Bölge İdare Mahkemesi kararının özeti: Olayda, gerek kanunen kabul edilmeyen giderlerin kayıtlara intikal ettirilmesi hususunda, gerekse de yasal defterde yer alan indirilecek katma değer vergisi tutarları ile beyan edilen indirilecek katma değer vergisi tutarları arasında uyumsuzluk bulunduğu hususunda davacının ikrar mahiyetinde beyanlarının bulunduğu, re’sen tarha sebep olan kayıtların sehven yapıldığının ve yasal defterlerde yapılan düzeltmelerin beyannamelere yansıtılmasının unutulduğunun bildirildiği; dava konusu tarhiyatın yasal defterlerde yer alan “indirilecek katma dağer vergisi” tutarlarının beyan edilen “indirilecek katma değer vergisi” tutarları ile uyumsuzluğu nedeniyle bunlardan düşük tutarlı olanlarının esas alınması suretiyle yapılan kısmı yönünden, vergi inceleme raporundaki bilgi ve belgeler değerlendirildiğinde davacının yasal defterlerdeki kayıtlarının doğruluğu konusunda ihtilaf bulunmadığının anlaşıldığı, hakkında ihtilaf bulunmayan yasal defterlerde yer alan indirilecek katma değer vergisi tutarlarının dikkate alınması gerektiği halde yasal defterlerdeki kayıtların esas alınmadığının ve yasal defterlerin hukuka aykırılığı ortaya konulmadan cezalı tarhiyatın yapıldığının görüldüğü, yasal defterler esas alınarak davacının beyan tablosu yeniden oluşturulduğunda ödenmesi gereken katma değer vergisinin çıkmadığı dikkate alındığında tarhiyatın bu kısmının yerinde olmadığı ve bu gerekçe ile hukuka aykırı olduğu sonucuna varıldığı; dava konusu tarhiyatın 2018/Eylül, Kasım, Aralık dönemlerine ilişkin indirim konusu yapılan 1.602,81-TL’ye isabet eden kısmı yönünden ise, kanunen kabul edilemeyen giderlerin katma değer vergisi indirimi konusu yapıldığı hususu davacının ikrarıyla da sabit olduğundan indirimin reddi yerinde görülmekle beraber bu indirimlerin reddi halinde yine de ödenmesi gereken katma değer vergisi çıkmadığından tarhiyatın 1.602,81-TL tutarındaki katma değer vergisi indiriminin reddinden kaynaklanan kısmında da hukuka uyarlık görülmediği gerekçesiyle Vergi Mahkemesi kararı sonucu itibariyle hukuka uygun bulunduğundan, istinaf başvurusunun belirtilen gerekçeyle reddine karar verilmiştir.
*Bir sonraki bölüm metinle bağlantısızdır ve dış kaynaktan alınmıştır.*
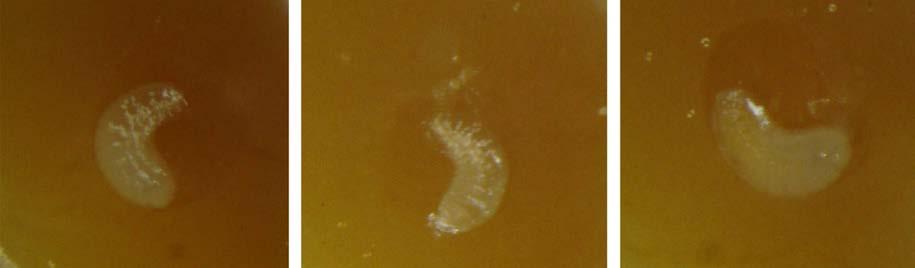Resultados Figura 25: Larvas de T. clavipes mortas, após ingerirem alimento de Scaptotrigona bipunctata. 4.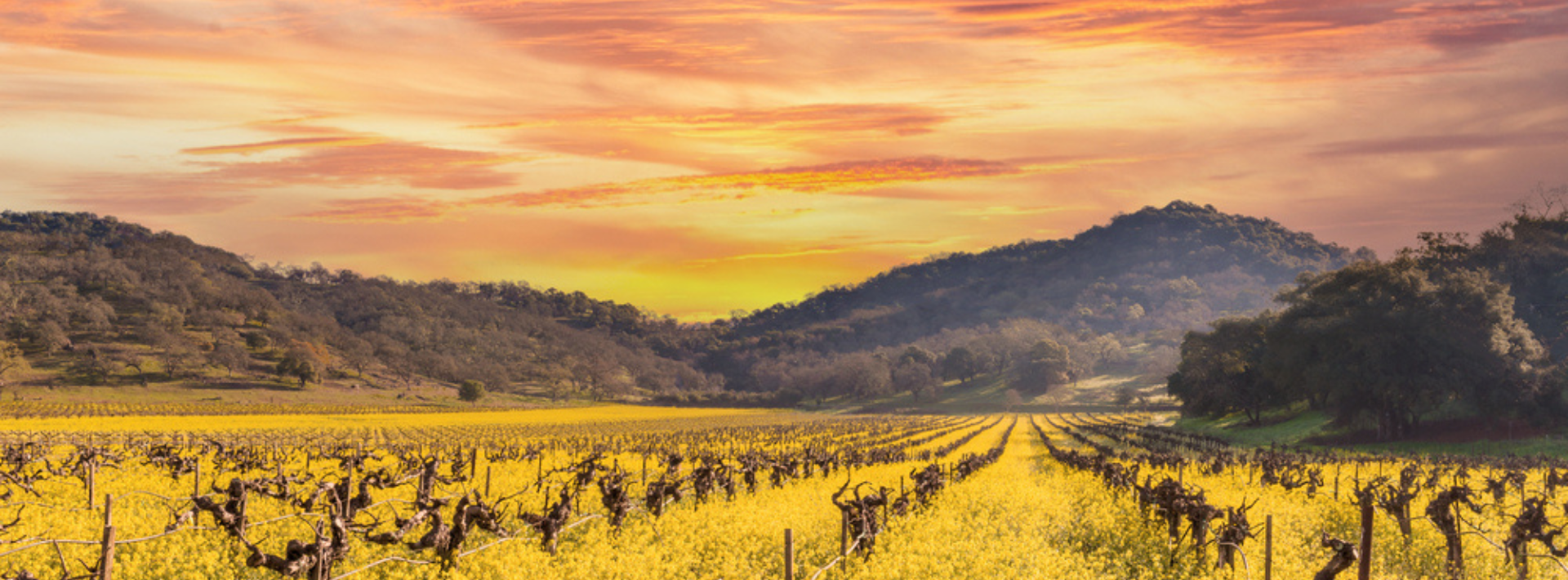stay_golden_mount_meritage_resort_header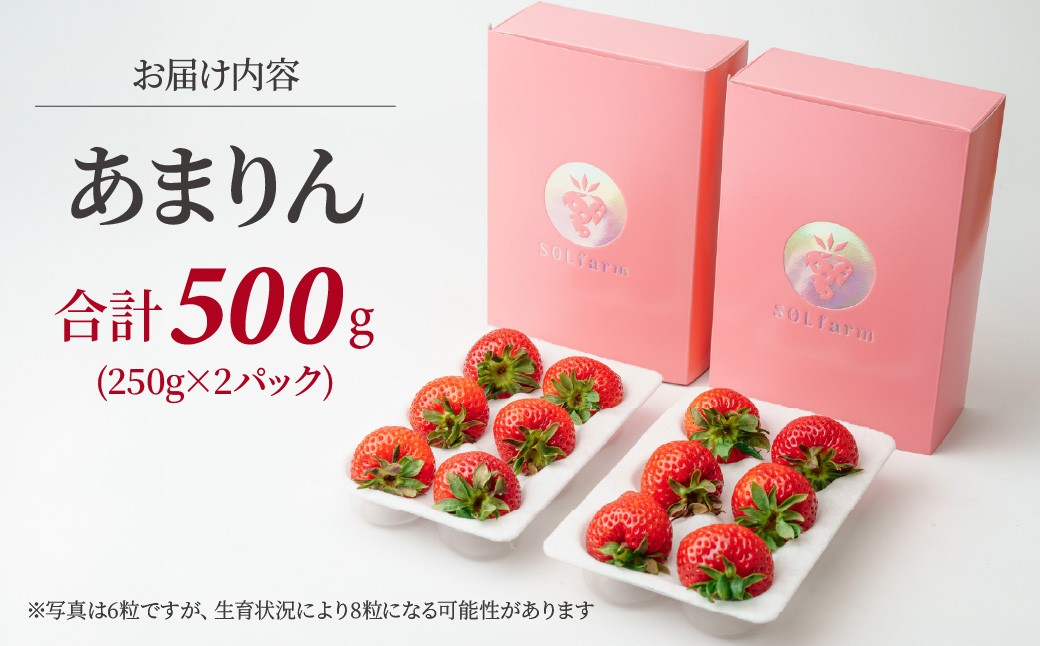 いちご【先行予約】あまりん 2パック 約500g
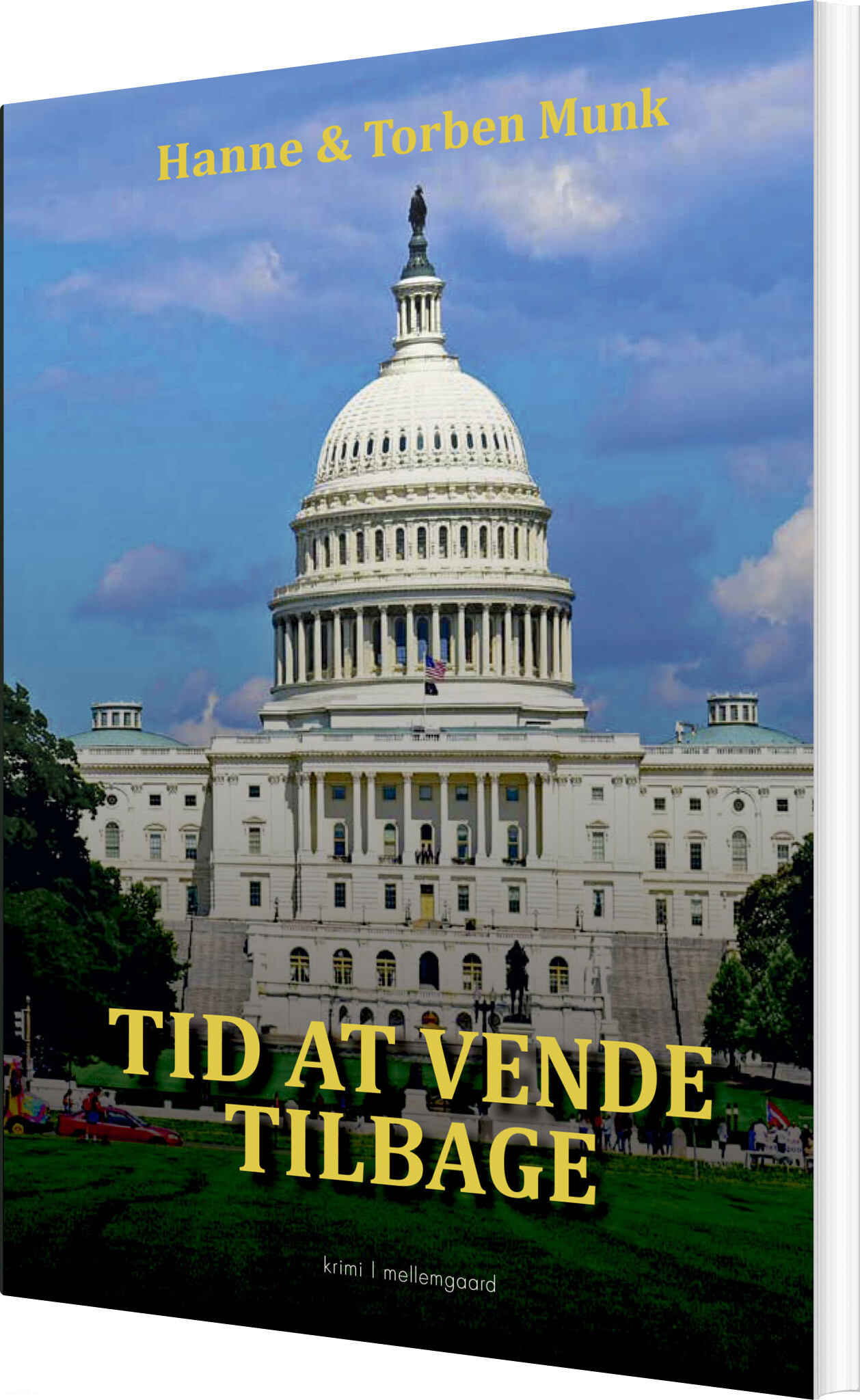 Tid At Vende Tilbage - Hanne - Bog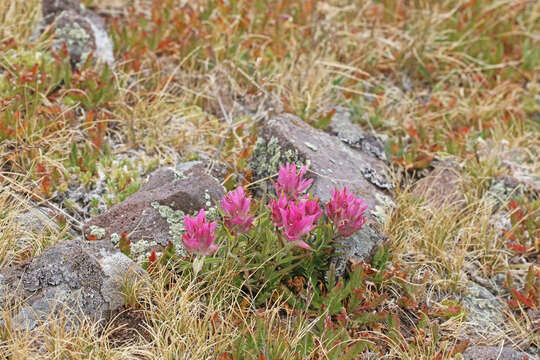 Image of Tushar Plateau Indian paintbrush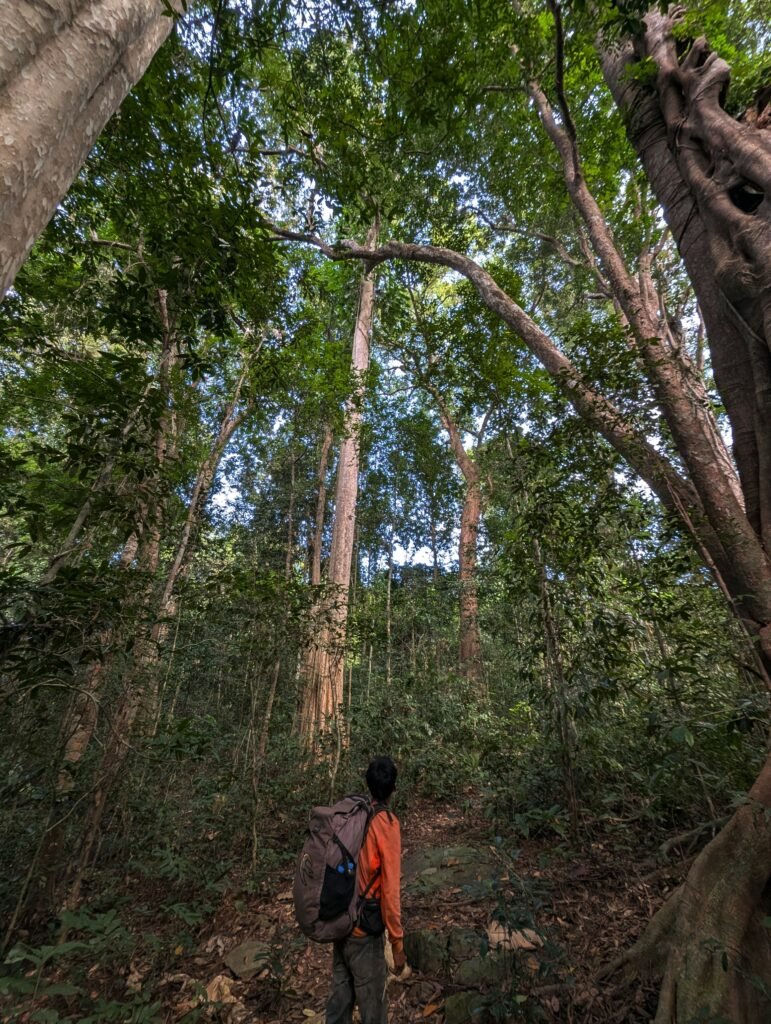 Jungle trekking in Ratanakiri, Cambodia – what to expect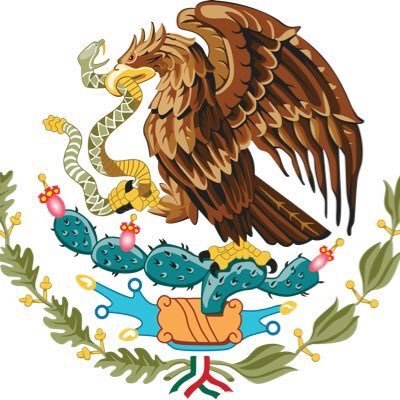 Mujer que ama a su país y cree fervientemente que actuar con responsabilidad, honestidad y compromiso,   ayudará a mejorar  nuestro México.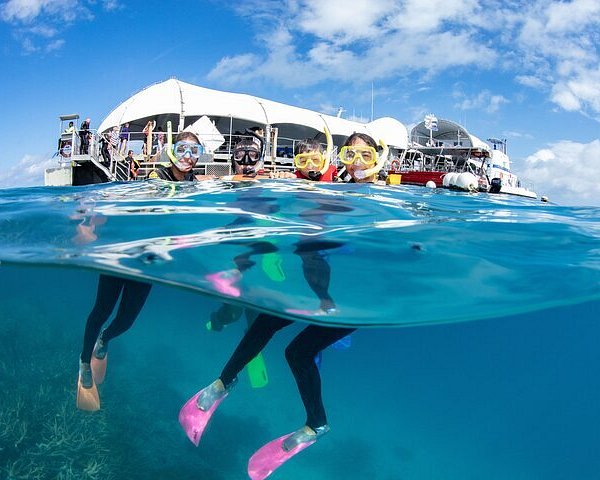 2023 Snorkelling or Glass Bottom Boat at Green Island from Cairns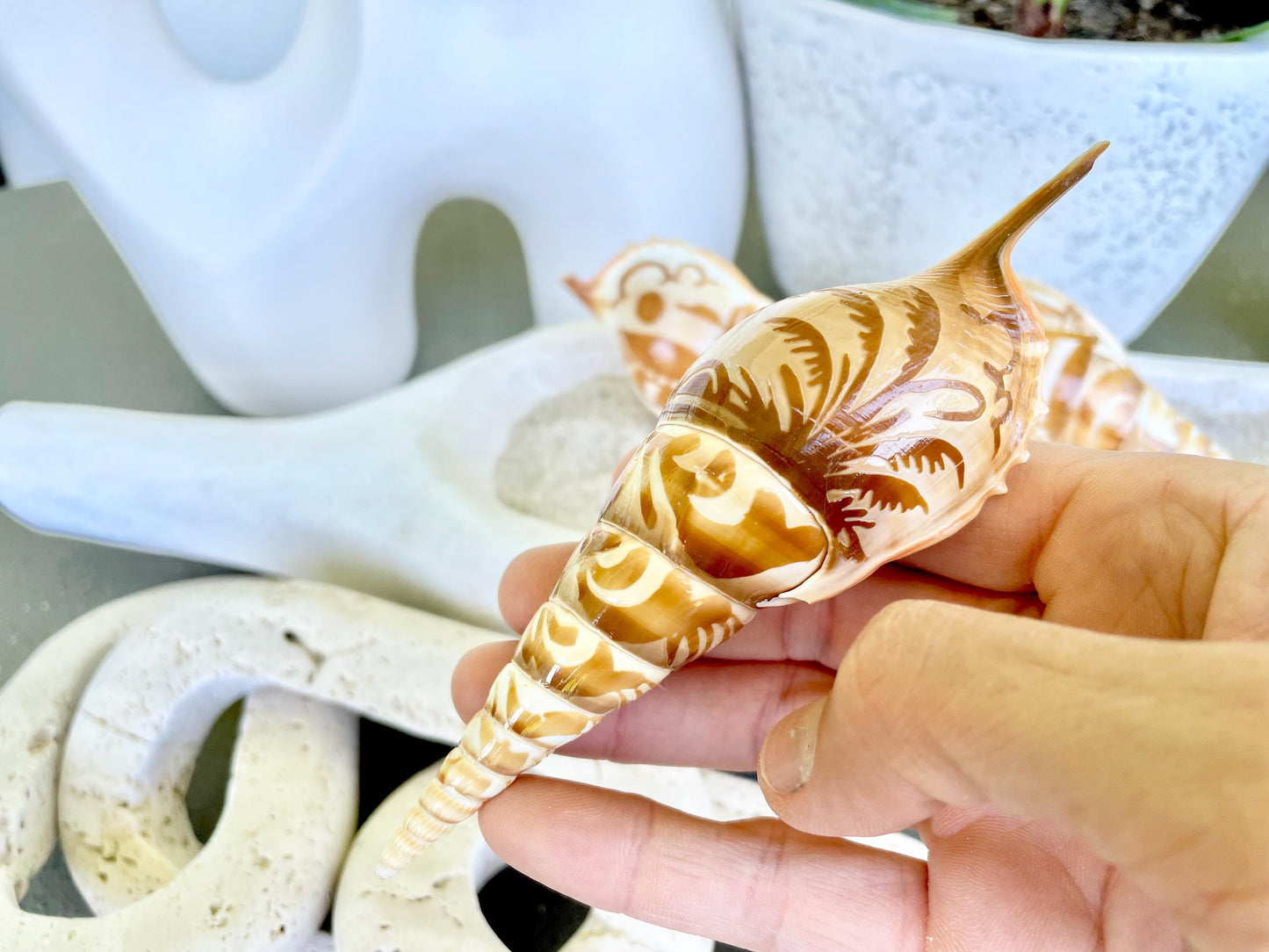 HAND CARVED TIBIA Shells 4-5" Natural Coastal Gift Brown White Display Seashell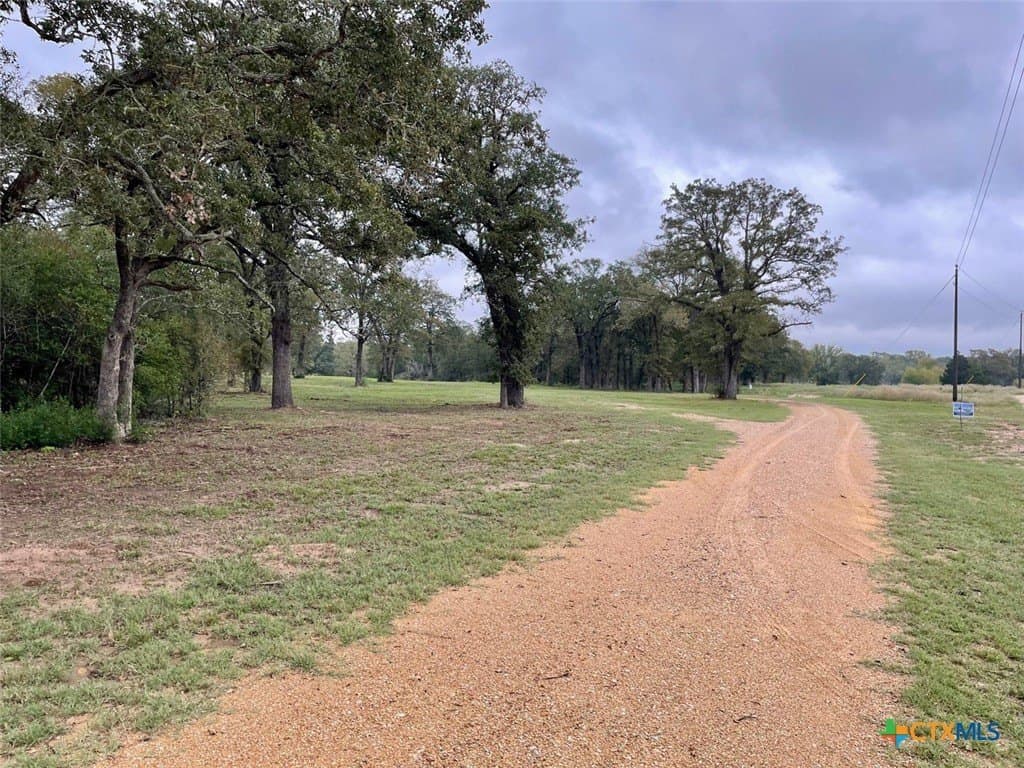 10 acres in Lee County - photo 5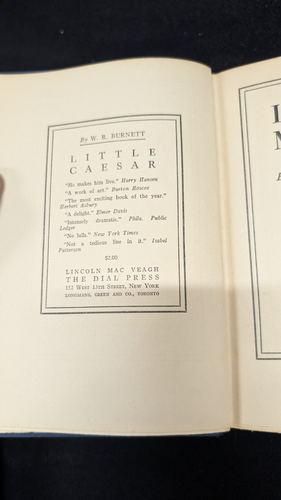 Iron Man by W.R. Burnett Lincoln Mac Weagh New York 1930, by Dial Press 1st Edit - Picture 12 of 24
TEMYİZ EDENİN İDDİALARI: Davacı hakkında düzenlenen vergi tekniği ve vergi inceleme raporlarında yer alan tespitler kapsamında dava konusu tarhiyatta hukuka aykırılık bulunmadığı iddialarıyla kararın bozulması istenilmektedir.

KARŞI TARAFIN SAVUNMASI: Yasal dayanaktan yoksun olan temyiz isteminin reddi gerektiği yolundadır.

DANIŞTAY TETKİK HÂKİMİ …’IN DÜŞÜNCESİ: Temyiz isteminin reddi ile usul ve yasaya uygun olan Bölge İdare Mahkemesi kararının onanması gerektiği düşünülmektedir.

TÜRK MİLLETİ ADINA
Karar veren Danıştay Dokuzuncu Dairesince, Tetkik Hâkiminin açıklamaları dinlendikten ve dosyadaki belgeler incelendikten sonra gereği görüşüldü:

HUKUKİ DEĞERLENDİRME:
Bölge idare mahkemelerinin nihai kararlarının temyizen bozulması, 2577 sayılı İdari Yargılama Usulü Kanunu’nun 49. maddesinde yer alan sebeplerden birinin varlığı hâlinde mümkündür.
Temyizen incelenen karar usul ve hukuka uygun olup, dilekçede ileri sürülen temyiz nedenleri kararın bozulmasını gerektirecek nitelikte görülmemiştir.

KARAR SONUCU:
Açıklanan nedenlerle;
1.Davalının temyiz isteminin reddine,
2.Davanın yukarıda özetlenen gerekçeyle kabulüne ilişkin Vergi Mahkemesi kararına yönelik davalının istinaf başvurusunun gerekçeli reddi yolundaki … Bölge İdare Mahkemesi … Vergi Dava Dairesinin … tarih ve E:…, K:… sayılı kararının ONANMASINA,
3.2577 sayılı İdari Yargılama Usulü Kanunu’nun 50. maddesi uyarınca, onama kararının taraflara tebliğini ve bir örneğinin de … Bölge İdare Mahkemesi … Vergi Dava Dairesine gönderilmesini teminen dosyanın … Vergi Mahkemesine gönderilmesine, 21/02/2023 tarihinde kesin olarak oybirliğiyle karar verildi.